As we shared in a recent communication to the Hill, AACC is eager to promote transparency in student access, affordability, and success. We look forward to working with policymakers in the House and Senate to ensure that proposals accomplish these goals.
In addition to these two transparency bills, the Committee considered the Home School Graduation Recognition Act, which would clarify that home school graduates are considered to have graduated high school under the Higher Education Act, and a bill to require public institutions to offer in-state tuition rates for residents of Guam, the Commonwealth of the Northern Mariana Islands, American Samoa, and the United States Virgin Islands.

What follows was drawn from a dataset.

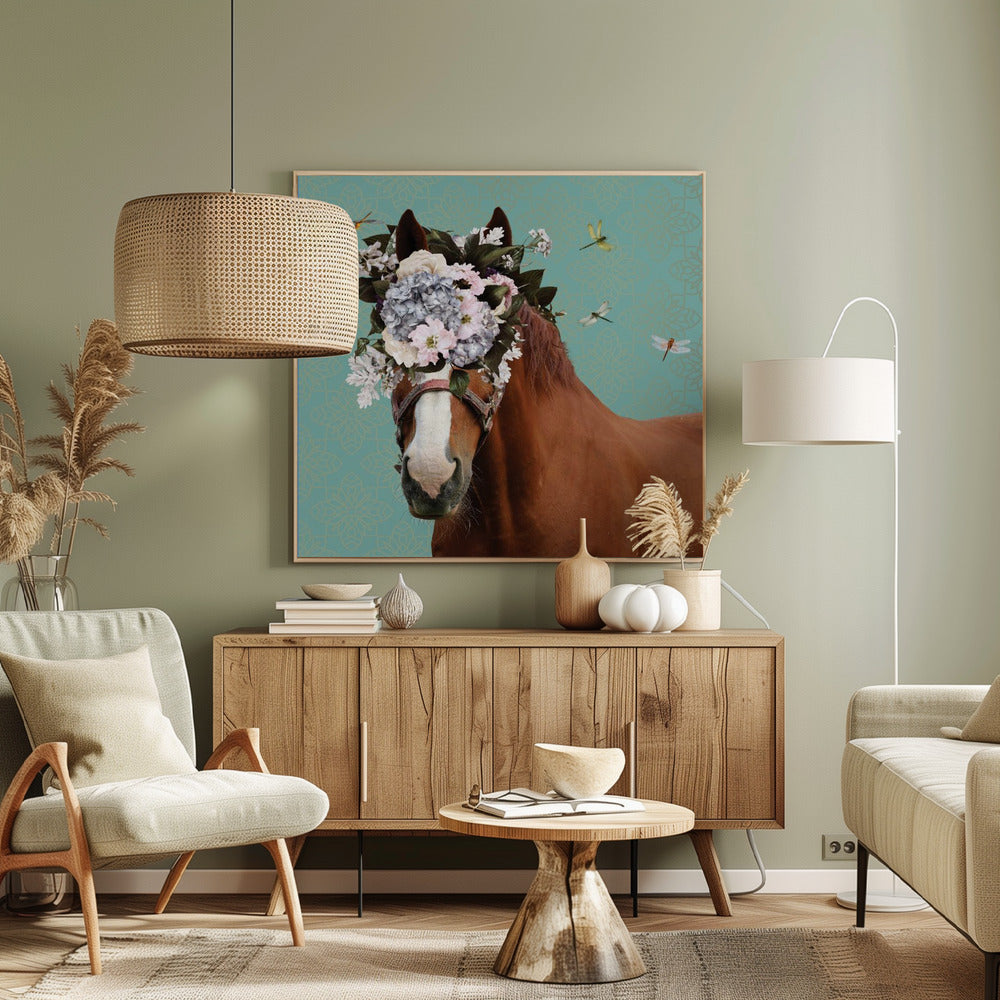 Frühlingsblumenhaube auf Pferd | Leinwand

At the time of this writing, the markup is ongoing. Several amendments have been offered, and roll-call votes have been postponed to the end of the day. AACC will keep members updated on these and other issues considered by the Committee.

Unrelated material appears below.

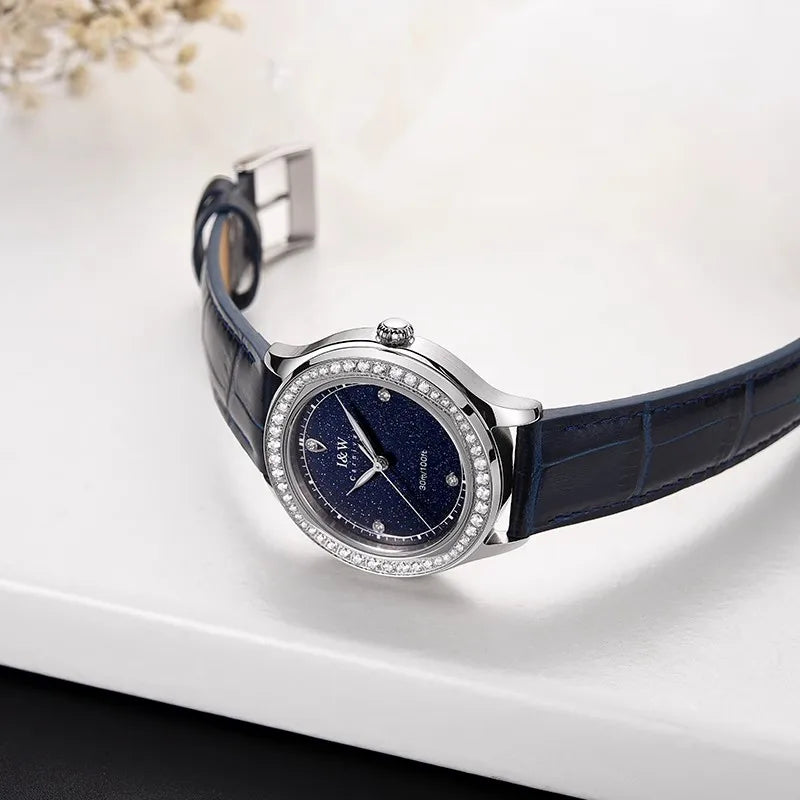 Diamond Blue Dial Quartz Watch Women Simple Premium Leather Strap Luxury Waterproof Ladies Watch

Legal settlement will end the SAVE Plan
On Tuesday, the Trump Administration announced that it had reached a settlement with the state of Missouri to end litigation surrounding the Biden-era Saving on a Valuable Education (SAVE) Plan.
First announced in July 2023, the SAVE Plan was the most borrower-friendly income-driven repayment (IDR) plan ever created and would have effectively halved the total amount of loans due for most enrolled borrowers. The Biden Administration was aggressive in encouraging enrollment in SAVE, launching widespread communications efforts and automatically enrolling millions of borrowers who were in other IDR plans.

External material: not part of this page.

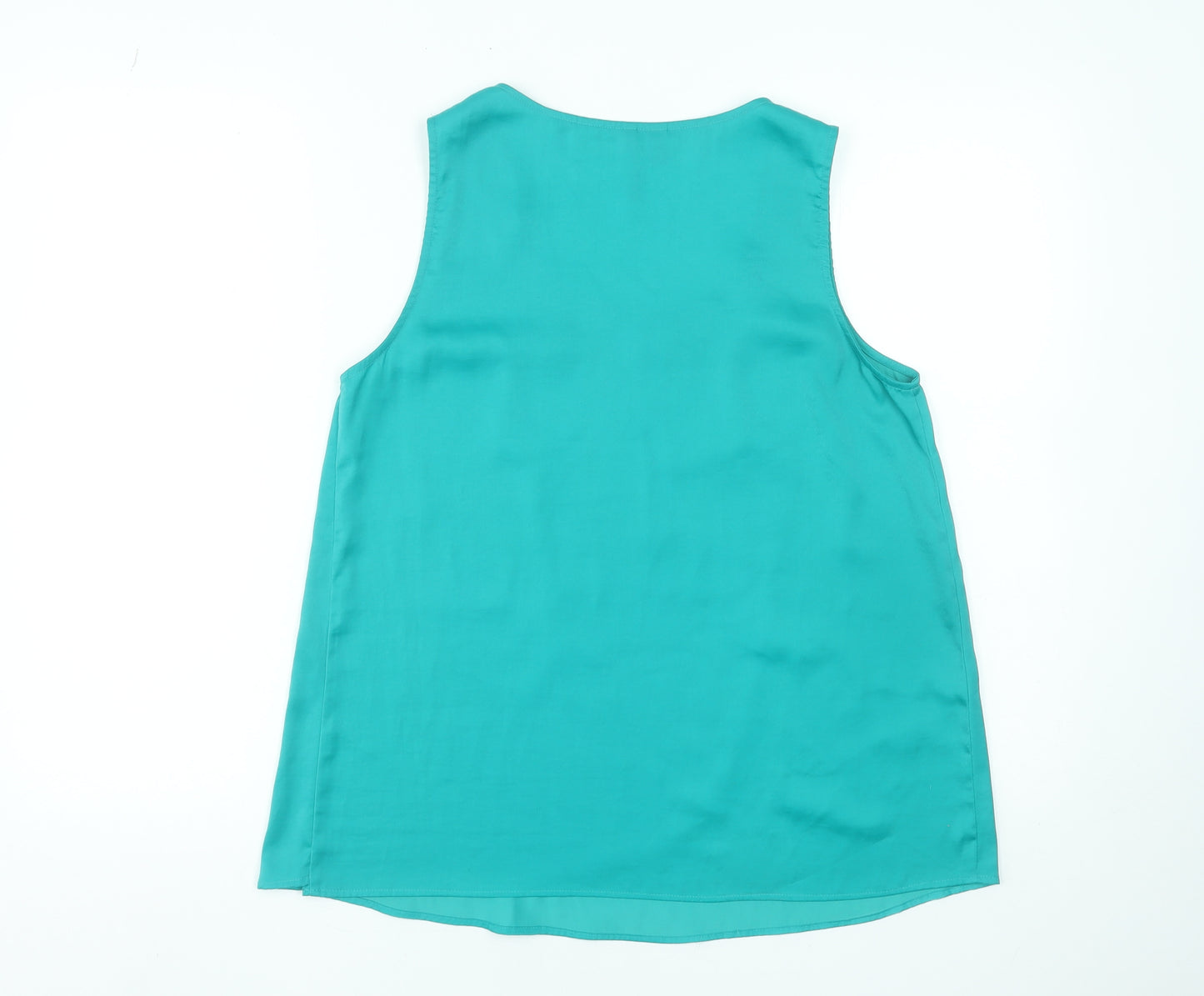 Mango Women Green Sleeveless Tank Top Size 10 Casual Viscose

Almost immediately, the SAVE plan was challenged in court, including by the state of Missouri. In March 2024, SAVE was blocked by court action during litigation, and millions of SAVE-enrolled borrowers were placed in administrative forbearance. These borrowers have been unable to switch out of SAVE to another repayment plan, even when interest began accruing on their loans in August 2025. As part of the litigation, the larger swath of borrowers has faced uncertainty and conflicting messages around if and how to enroll in other IDR programs. At several points throughout the past two years, the Department of Education (ED) has taken down the IDR application altogether as it weighed the implications of court actions on the REPAYE, PAYE, and ICR plans.
The settlement reached this week will end the SAVE plan for good. Per the terms, ED will not enroll any new borrowers in SAVE and will transition the 7.6 million borrowers currently in SAVE to another repayment plan. ED will be required to hold a negotiated rulemaking to officially remove SAVE as an active repayment option.